But this day he felt that his office was not up to snuff. And believe me when I tell you, that means it was not up to snuff. (I remediated somewhat yesterday.)
So naturally, realizing that a news reporter and a man with an advanced apparatus of moving photography would likely be in the living room, I…
… applied Konmari principles to our dressers and the kitchen island, going through all our things and carefully rolling them vs. stacking?
Yes, yes I did. Two areas of my home that were definitely not going to be featured or broadcast anywhere at all became the intense focus of my laser concentration.
Suddenly, all that really mattered was this video I had seen somewhere (and now I don’t remember which one, but the shirts were definitely rolled) of how Marie Kondo recommends that you roll rather than lay flat.
I haven’t read the book, although I plan to. But the video stuck in my brain.
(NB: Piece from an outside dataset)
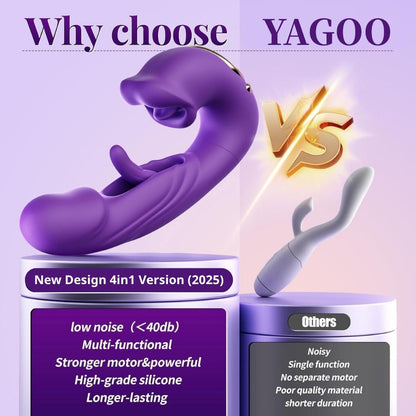 ❄️ LAST DAY 70% OFF 💋 2026 Upgraded Yagoo™ 4-in-1 Flapping & Licking Vibrator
So I pulled out this:
Let me ‘splain it to you.
I have in the kitchen island (including but not limited to) the following:
• Nice kitchen towels
• Okay kitchen towels but really excellent for covering rising bread, as they are the right size and tightly woven, which prevents sticking to the dough (I suddenly realized — the camera crew was about an hour away — that I wanted these particular towels not to be in the towel stack, but elsewhere — they really just aren’t that great for drying your hands, certainly not as good as the others, but I’m not the only person grabbing a towel here)
• Not as nice kitchen towels (I also have those in the pantry — they get demoted and are for sloppy messes)
• Dishcloths
• Real rags (not to be confused with sloppy towels or old dishcloths, because if you use those as rags, they will inevitably get cycled back into the good towels/dishcloth piles, and then a guest will suddenly be washing dishes and drying hands with something embarrassing — instead I favor flannel pjs, shirts, and sheets torn up into rag-sized pieces)
• Cloth napkins
Usually all of this gets folded and stacked, as no doubt you have seen in previous long-winded posts about virtually nothing.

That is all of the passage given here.